**Recorded information:**
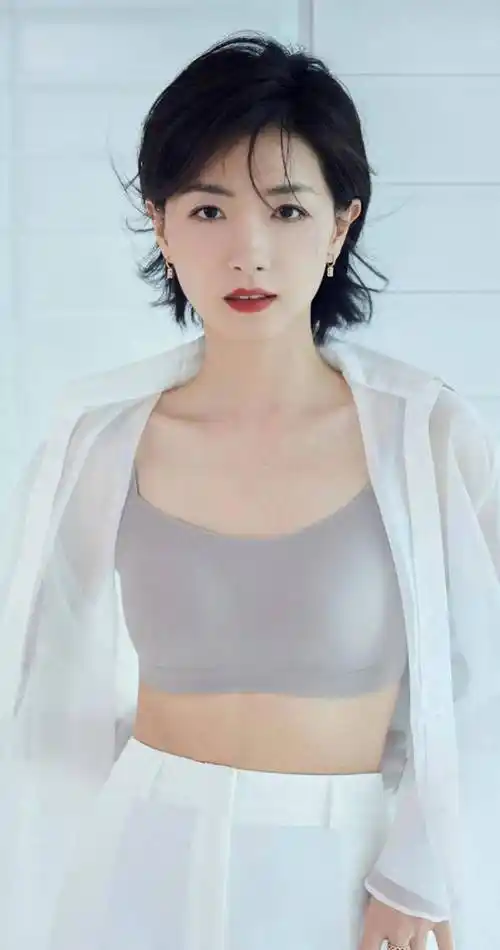 41岁万茜:娱乐圈最干净的女神!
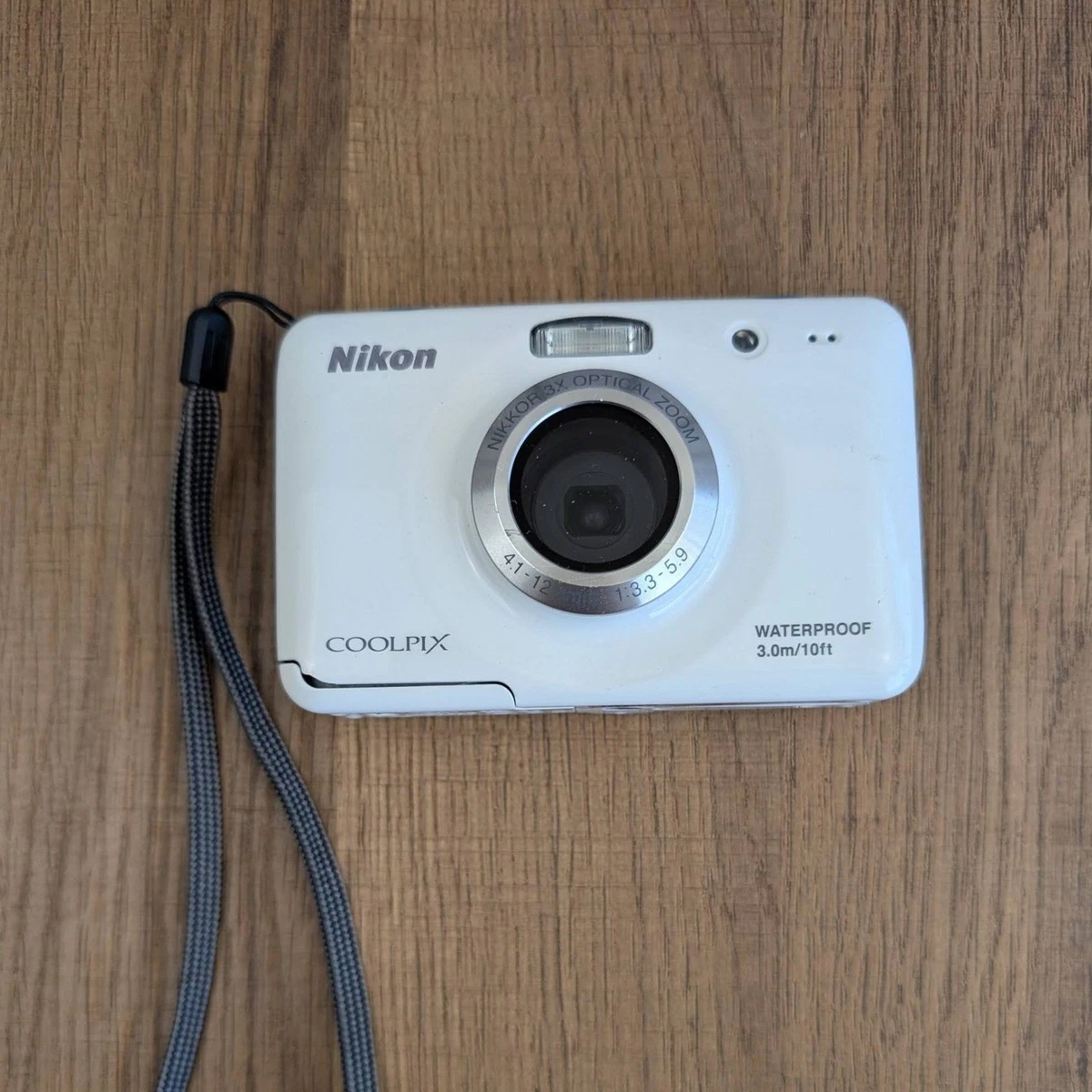 美品Nikon ニコン COOLPIX S30 水中カメラ ホワイト Preços baixos em Câmeras digitais Nikon COOLPIX Debaixo D 'água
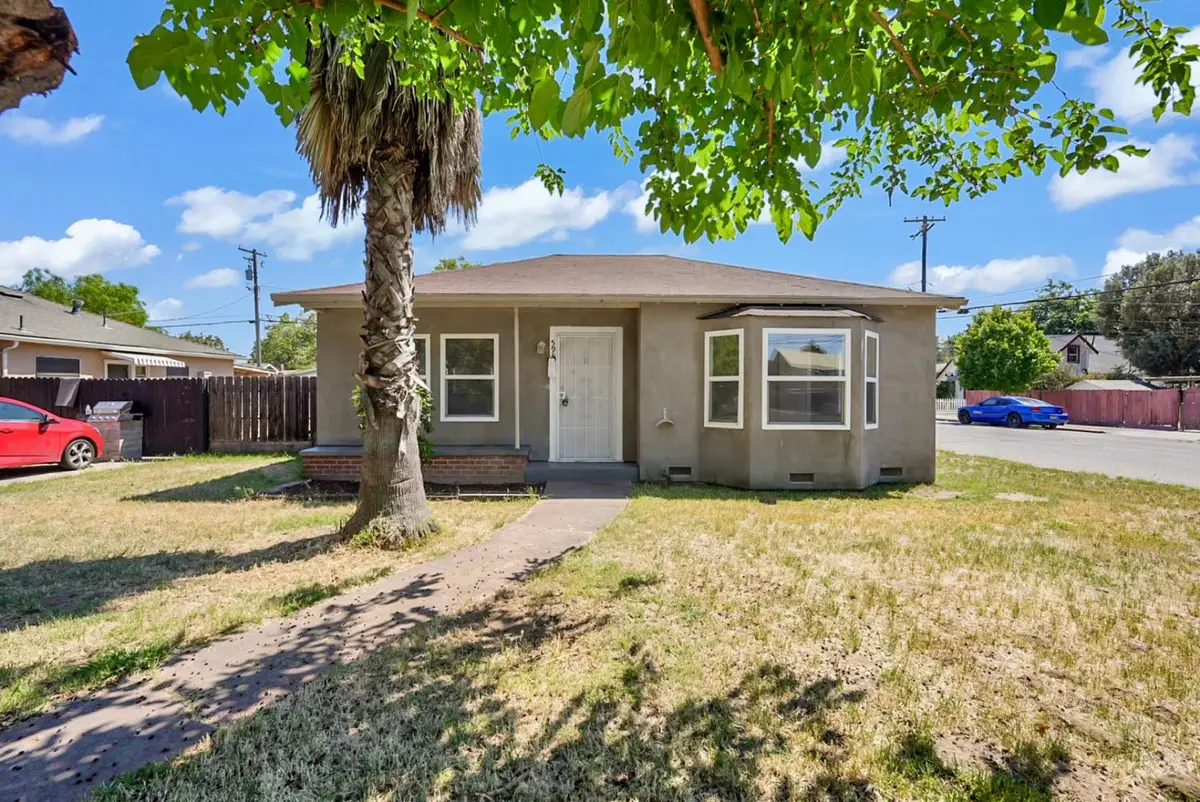 594 Park Street, Turlock, CA 95380 - #1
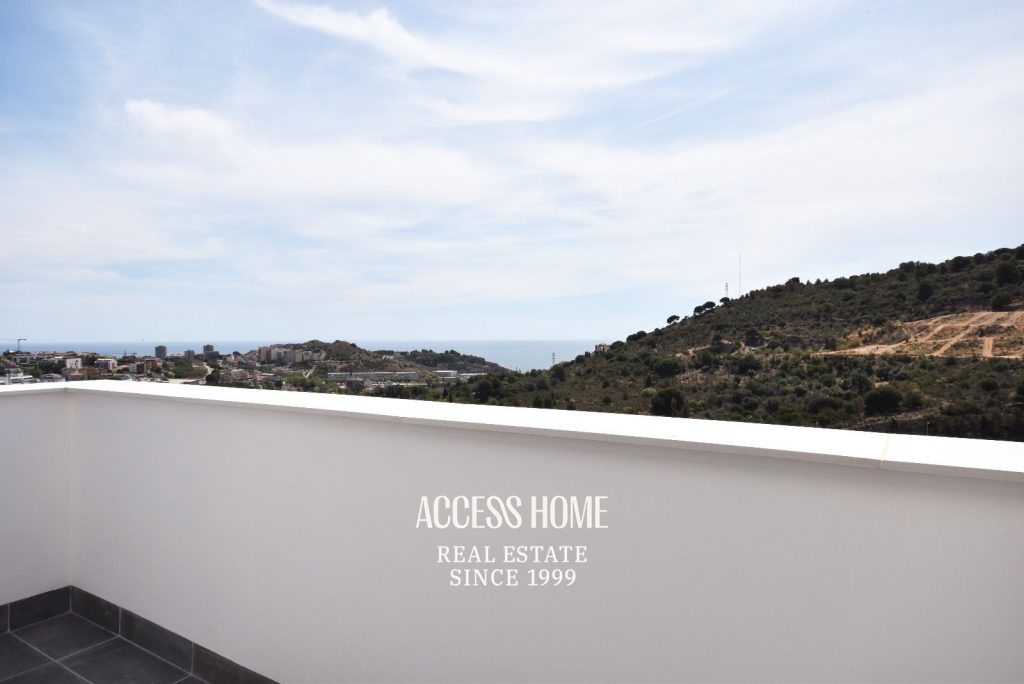 Casa pareada de diseño contemporáneo en alquiler en Tiana con jardín y piscina privada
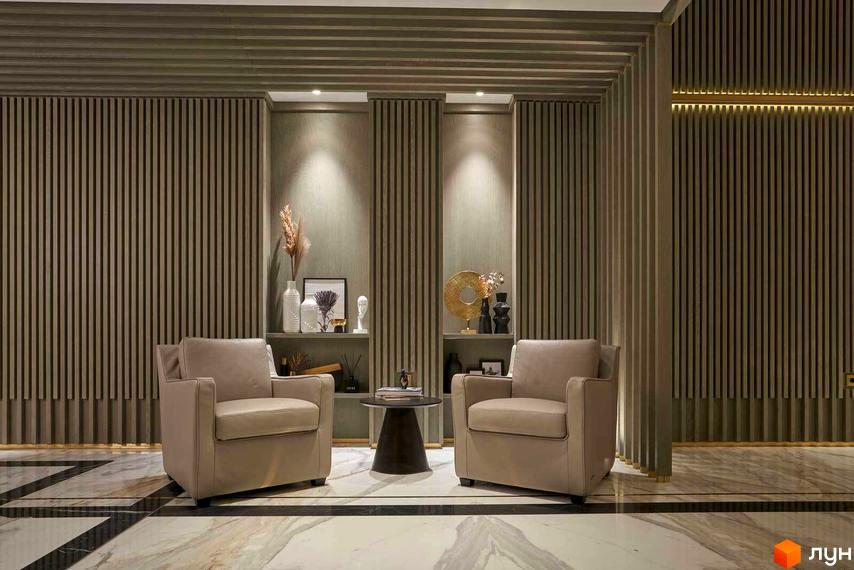 Інтер'єр зони відпочинку в Linden Luxury Residences з двома кріслами та журнальним столиком. Сучасний дизайн стін та підлоги.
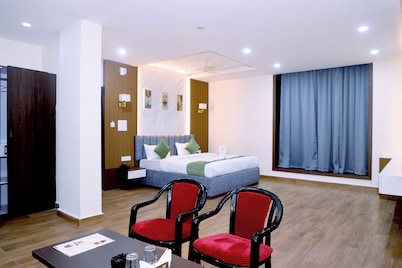Grand Meridian Hotel &  Restaurant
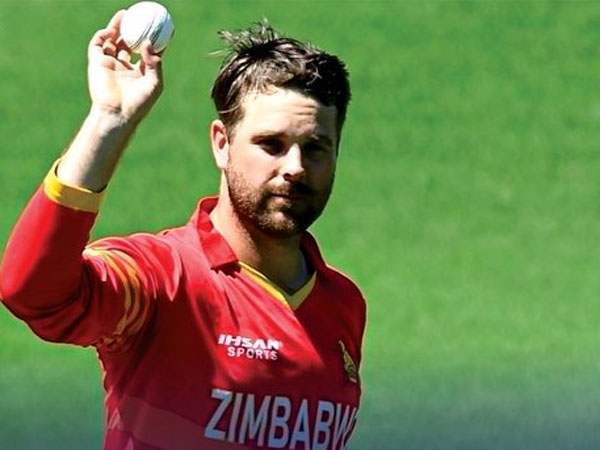 ర్యాన్ బర్ల్ ఫైర్..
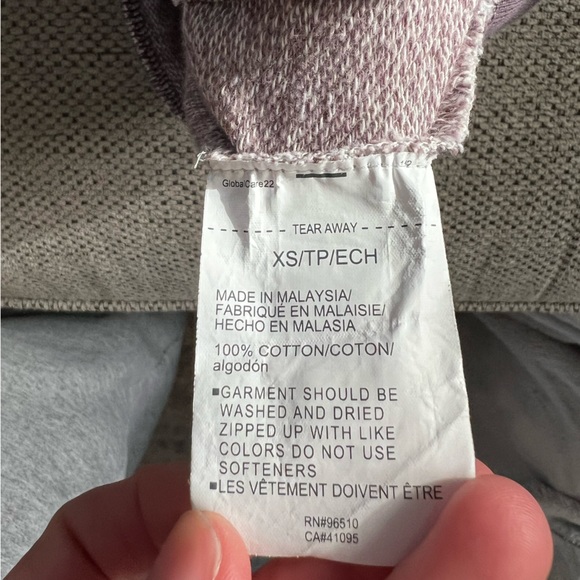 Womens XS Under Armour Sweatshirt - Picture 6 of 6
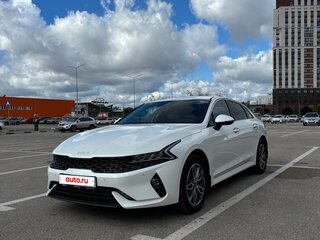 2022 Kia K5 III, белый, 3200000 рублей, вид 1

**Exercise:** Output the complete listing exactly. Pictures stay out.

**Response below:**
 41岁万茜:娱乐圈最干净的女神!
 美品Nikon ニコン COOLPIX S30 水中カメラ ホワイト Preços baixos em Câmeras digitais Nikon COOLPIX Debaixo D 'água
 594 Park Street, Turlock, CA 95380 - #1
 Casa pareada de diseño contemporáneo en alquiler en Tiana con jardín y piscina privada
 Інтер'єр зони відпочинку в Linden Luxury Residences з двома кріслами та журнальним столиком. Сучасний дизайн стін та підлоги.
Grand Meridian Hotel &  Restaurant
 ర్యాన్ బర్ల్ ఫైర్..
 Womens XS Under Armour Sweatshirt - Picture 6 of 6
 2022 Kia K5 III, белый, 3200000 рублей, вид 1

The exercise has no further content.